- **Exercise details**: Only the pictures are to be dropped; return all other data below exactly.

- **Data below**:
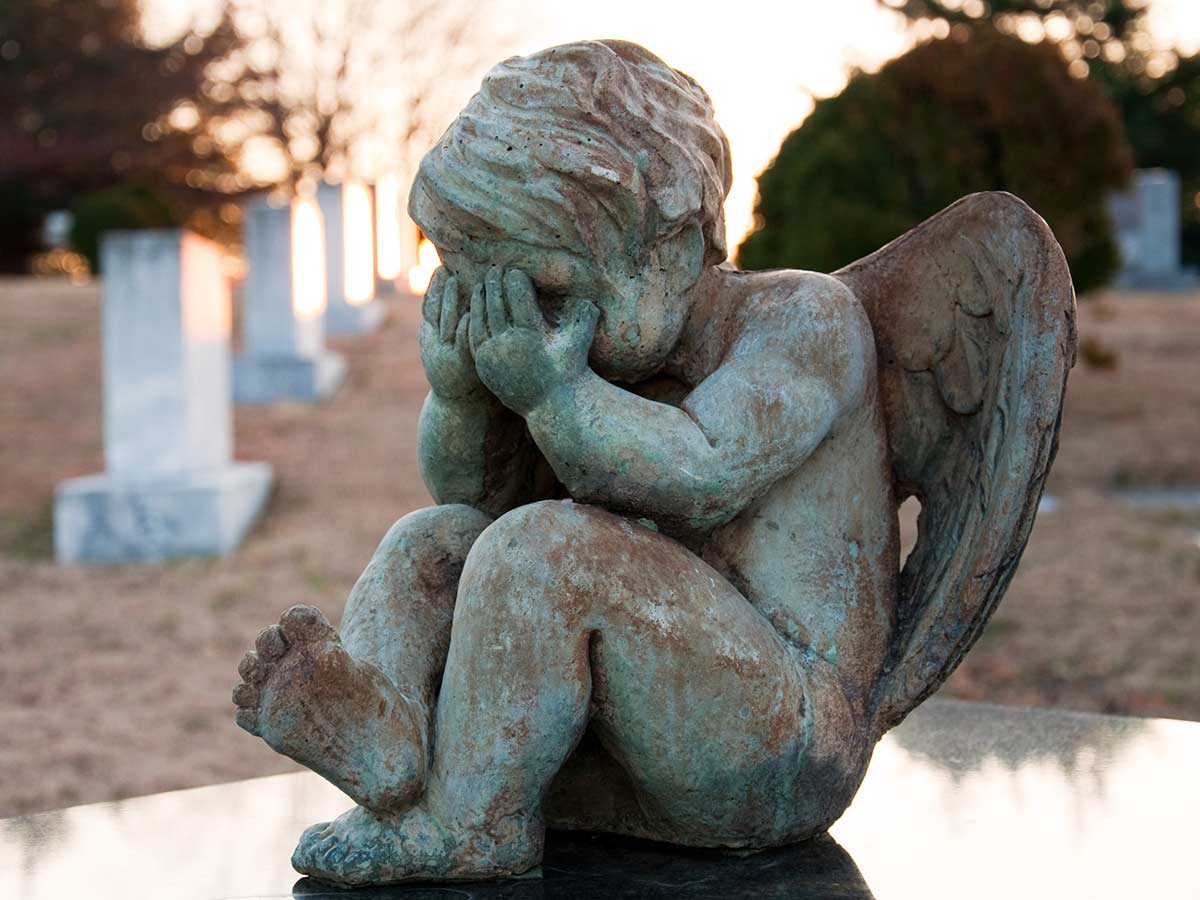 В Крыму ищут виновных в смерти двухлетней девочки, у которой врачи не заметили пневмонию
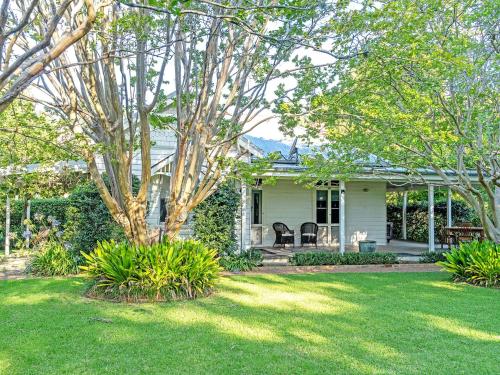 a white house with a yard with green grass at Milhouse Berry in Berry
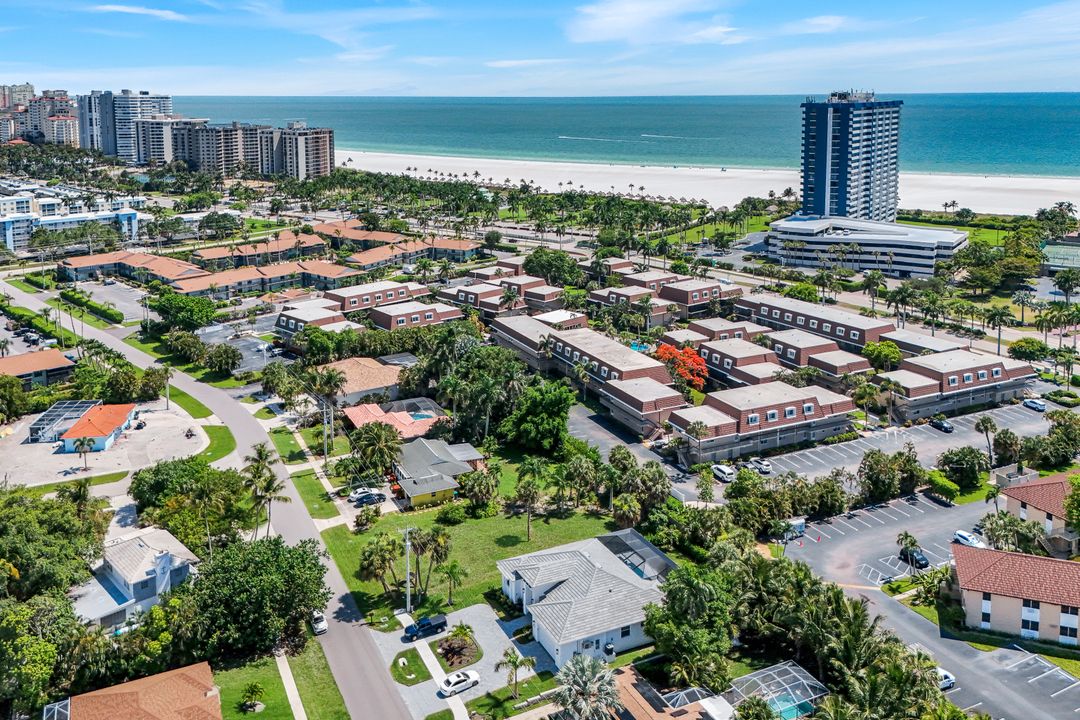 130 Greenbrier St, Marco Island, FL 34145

- **Output for this exercise**:
 В Крыму ищут виновных в смерти двухлетней девочки, у которой врачи не заметили пневмонию
 a white house with a yard with green grass at Milhouse Berry in Berry
 130 Greenbrier St, Marco Island, FL 34145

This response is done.